Improvements in sensing technology and wireless communications have greatly enhanced our ability to view and understand the world we live in. Collaborative networks of sensors can be deployed for relatively little cost, gathering and reporting real-time data about their locale. I am interested in the estimation and information processing problems which arise in sensor networks.
Sensor localization and message-passing algorithms
An important first step in many sensor deployments is to localize the sensors, i.e., obtain estimates of each sensors' position and/or orientation. Almost equally important is to gauge the amount of uncertainty remaining in our estimates -- are our estimates sufficiently accurate, and if not, where do they need improvement? Self-localization methods, which exploit local measurements of relative position (such as received signal strength or time delay between sensors), are desirable to minimize cost and effort.
We formulate the localization problem as an inference problem on a graphical model, allowing us to apply generic inference algorithms from machine learning to estimate sensor position. In particular, we apply nonparametric belief propagation (NBP), a variant of the popular belief propagation algorithm. This provides a distributed estimation process in which each sensor sends local information to its neighbors, successively refining its position estimate. The resulting, distribution-like belief functions also provide estimates of the uncertainty in position for each sensor.

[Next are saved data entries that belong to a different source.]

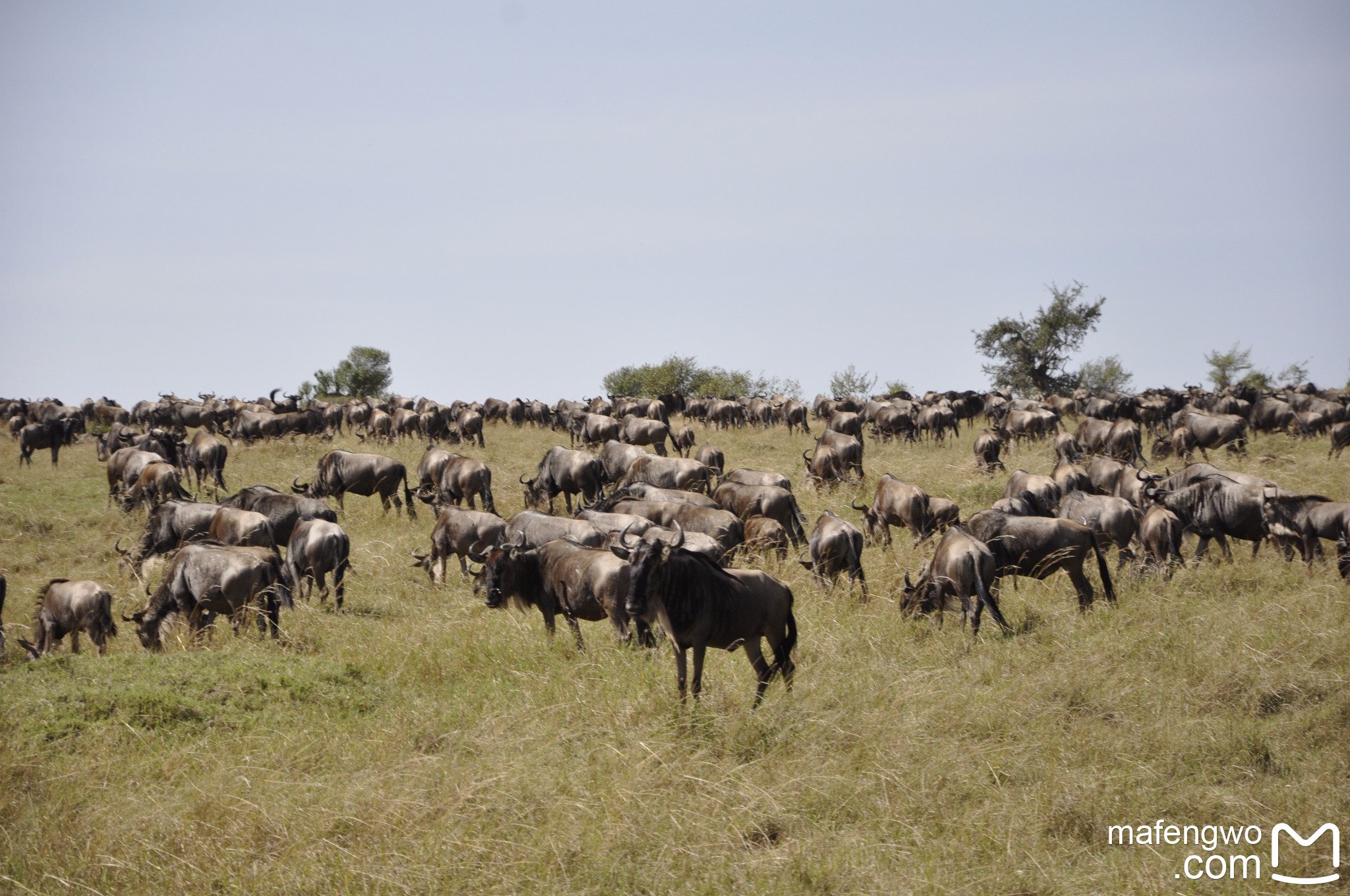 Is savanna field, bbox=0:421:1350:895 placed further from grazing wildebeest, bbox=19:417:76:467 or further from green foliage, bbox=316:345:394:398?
green foliage, bbox=316:345:394:398

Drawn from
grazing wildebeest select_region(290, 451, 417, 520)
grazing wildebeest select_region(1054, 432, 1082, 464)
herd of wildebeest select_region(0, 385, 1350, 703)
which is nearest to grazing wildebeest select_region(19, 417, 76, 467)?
herd of wildebeest select_region(0, 385, 1350, 703)

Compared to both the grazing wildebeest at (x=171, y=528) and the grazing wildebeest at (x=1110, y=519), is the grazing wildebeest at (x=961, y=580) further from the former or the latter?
the grazing wildebeest at (x=171, y=528)

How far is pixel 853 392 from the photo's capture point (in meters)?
66.5

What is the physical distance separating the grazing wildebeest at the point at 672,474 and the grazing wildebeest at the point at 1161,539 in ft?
24.5

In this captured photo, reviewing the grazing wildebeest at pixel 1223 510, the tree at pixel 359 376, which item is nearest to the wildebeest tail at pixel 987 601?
the grazing wildebeest at pixel 1223 510

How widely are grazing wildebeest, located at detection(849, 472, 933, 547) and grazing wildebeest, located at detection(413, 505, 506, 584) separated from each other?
4880 mm

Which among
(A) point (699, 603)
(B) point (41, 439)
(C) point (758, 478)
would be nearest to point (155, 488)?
(C) point (758, 478)

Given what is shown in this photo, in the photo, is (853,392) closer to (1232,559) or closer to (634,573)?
(1232,559)

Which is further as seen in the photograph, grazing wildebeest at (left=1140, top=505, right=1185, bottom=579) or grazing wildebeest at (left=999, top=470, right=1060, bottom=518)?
grazing wildebeest at (left=999, top=470, right=1060, bottom=518)

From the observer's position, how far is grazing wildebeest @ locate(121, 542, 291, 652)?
31.8ft

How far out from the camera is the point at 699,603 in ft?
22.6

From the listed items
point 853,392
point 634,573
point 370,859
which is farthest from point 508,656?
point 853,392

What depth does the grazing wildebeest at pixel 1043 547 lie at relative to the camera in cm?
1002

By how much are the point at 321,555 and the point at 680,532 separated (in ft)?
18.9
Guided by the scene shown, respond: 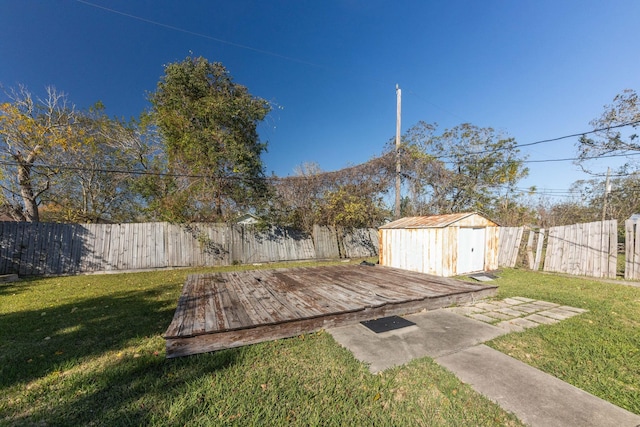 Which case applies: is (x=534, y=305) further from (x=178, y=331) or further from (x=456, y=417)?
(x=178, y=331)

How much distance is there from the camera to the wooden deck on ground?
2.58 metres

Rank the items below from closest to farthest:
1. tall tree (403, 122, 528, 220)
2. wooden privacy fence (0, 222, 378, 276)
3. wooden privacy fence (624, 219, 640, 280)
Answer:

Communications cost for density estimates
In the localization problem, and more generally in object tracking tasks for sensor networks, sensors maintain a belief or posterior distribution about the objects' state (position, velocity, etc.), and must communicate these functions to exchange information. A typical example is "leader-based" tracking: a particular sensor is nominated as the "leader node" and tracks the object until it leaves that sensors' vicinity. At this point, the sensor "hands off" its leadership position to a closer sensor, sending its current estimate of the state to the new leader.
How expensive is this hand-off process? For particle-based filters, it would seem to grow linearly with the number of samples. However, these samples comprise a density estimate, and it is reasonable to think that the asymptotic cost should scale with the complexity of the density, and perhaps with the fidelity to which it is represented. We examine this problem in some detail, and propose algorithms for simultaneously approximating particle-based density estimates and representing those approximations efficiently for communication.